Dataset content »
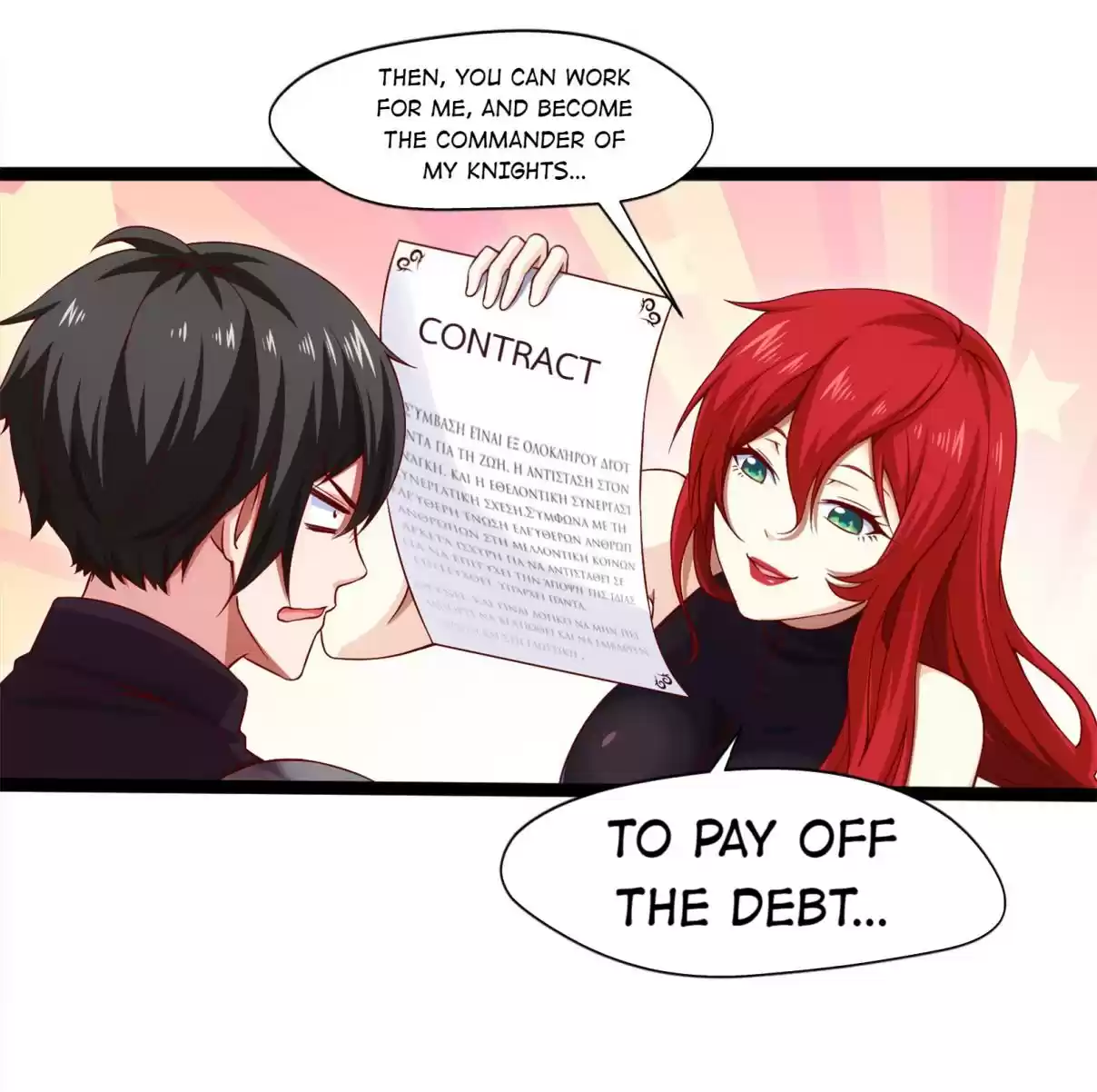 Swordmaster of Warcraft: Invasion of the Otherworld 18 We Have a Long Time to Come...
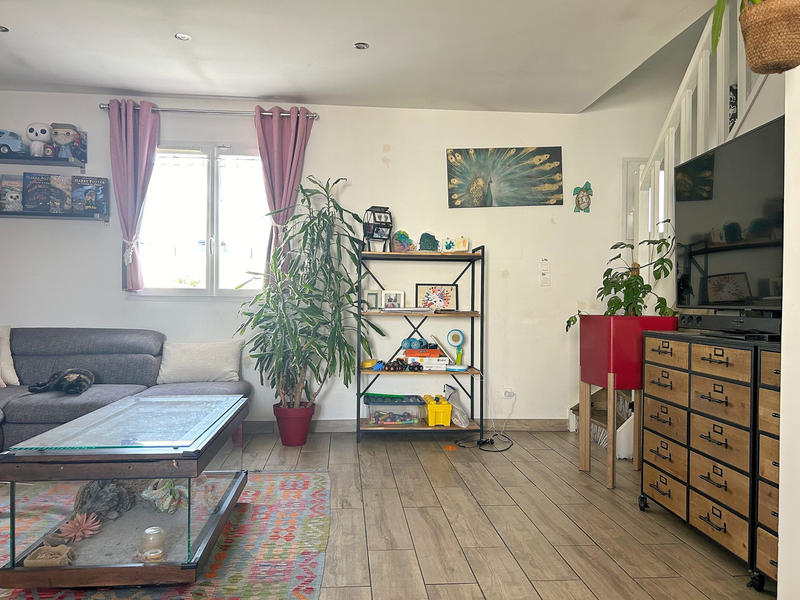 Maison contemporaine - 95 m² - 5 pièces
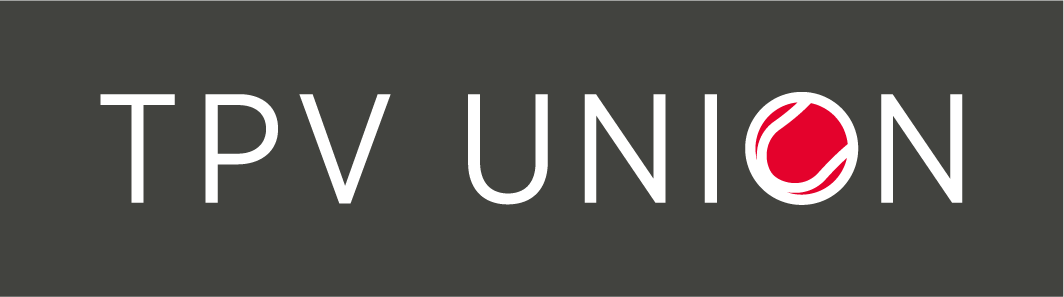 Logo Tennisvereniging Union Nijmegen / Malden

Your task » A word-for-word retyping of the material above is expected, without pictures.

Solution to the exercise »
 Swordmaster of Warcraft: Invasion of the Otherworld 18 We Have a Long Time to Come...
 Maison contemporaine - 95 m² - 5 pièces
 Logo Tennisvereniging Union Nijmegen / Malden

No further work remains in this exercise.